安川薬剤管理官は、「物価高騰が続く中で、今回も多くの品目で不採算品再算定の適用を求める声があった。現行ルールを当てはめてしまうと、限定的な品目となってしまうことから、不採算品再算定のルールのうち、“全ての類似薬について該当する場合に限る”との規定は適用しないこととした。ただし、これまでの議論の経緯を踏まえ、適正価格で販売せずに、乖離率が大きい品目については、中医協でも何のために薬価を引上げたのか、納得感が得られないため、昨年度の薬価調査結果の平均乖離率をもとに、乖離率が7%超の品目を除外することにした」と説明する。

◎不採算で薬価引上げも一括で安く購入は「医薬品の価値を無視している」

「中医協でも、2023年度の中間年改定の議論に端を発し、医薬品の価値に見合わない取引による“過度な薬価差”が問題視されてきた。薬価を引上げても流通の段階で乖離率が大きくなってしまうのであれば、誰のために保険財源を使って引上げたのかわからなくなる。製薬企業のためではなく、薬価差を得た購入者側のためになっているのではないかという指摘もあった」と説明する。
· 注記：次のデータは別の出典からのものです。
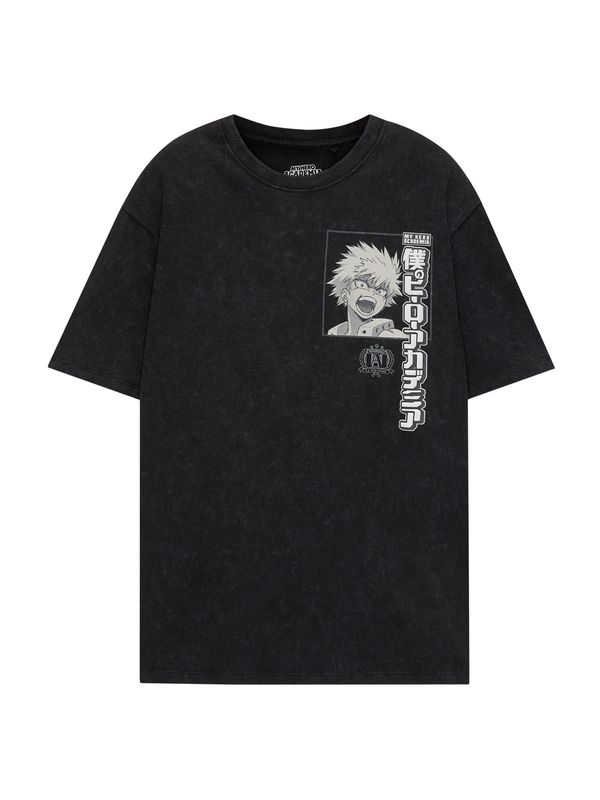 Pull&Bear Pull&Bear Majica 'MY HERO'  antracit / svetlo siva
そのうえで、「今後のメッセージにもつながると考えているが、流通段階で、製薬企業はもちろん、医薬品卸、医療機関・薬局など、すべての流通当事者が医薬品の価値を理解したうえで取引を行う必要がある。採算が合わないから薬価を引上げているにもかかわらず、一括して安く購入しているのであれば、医薬品の価値を無視していることになってしまう」と強調した。
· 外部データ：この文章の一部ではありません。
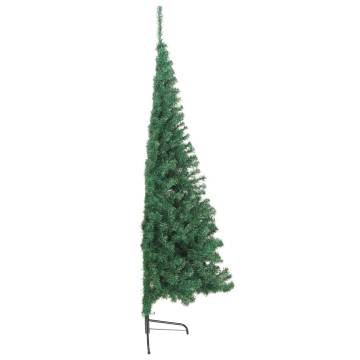 240 cm Artificial Half Christmas Tree with Stand - Green PVC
現在、「医療用医薬品の流通改善に向けて流通関係者が遵守すべきガイドライン」の改訂に向けて、不採算品再算定品目を含む医療上の必要性高い品目については、安定供給を確保する観点から、「価格交渉の段階から別枠」として、「個々の医薬品の価値を踏まえた単品単価交渉とすること」を盛り込むことが検討されている。安川薬剤管理官は、「そうした意識をもって流通に取り組むことが重要だ。医療機関や薬局も、数千品目ある中で、すべてを単品単価交渉することは大変だと思うが、スライド交渉や、ベンチマークを用いた交渉などは買い叩いているようにしか見えない。基礎的医薬品のルールにもあるが、平均乖離率を一つの要件として、薬価を下支えするルールについて考えるのは一定の理があるのではないかと思う」と話した。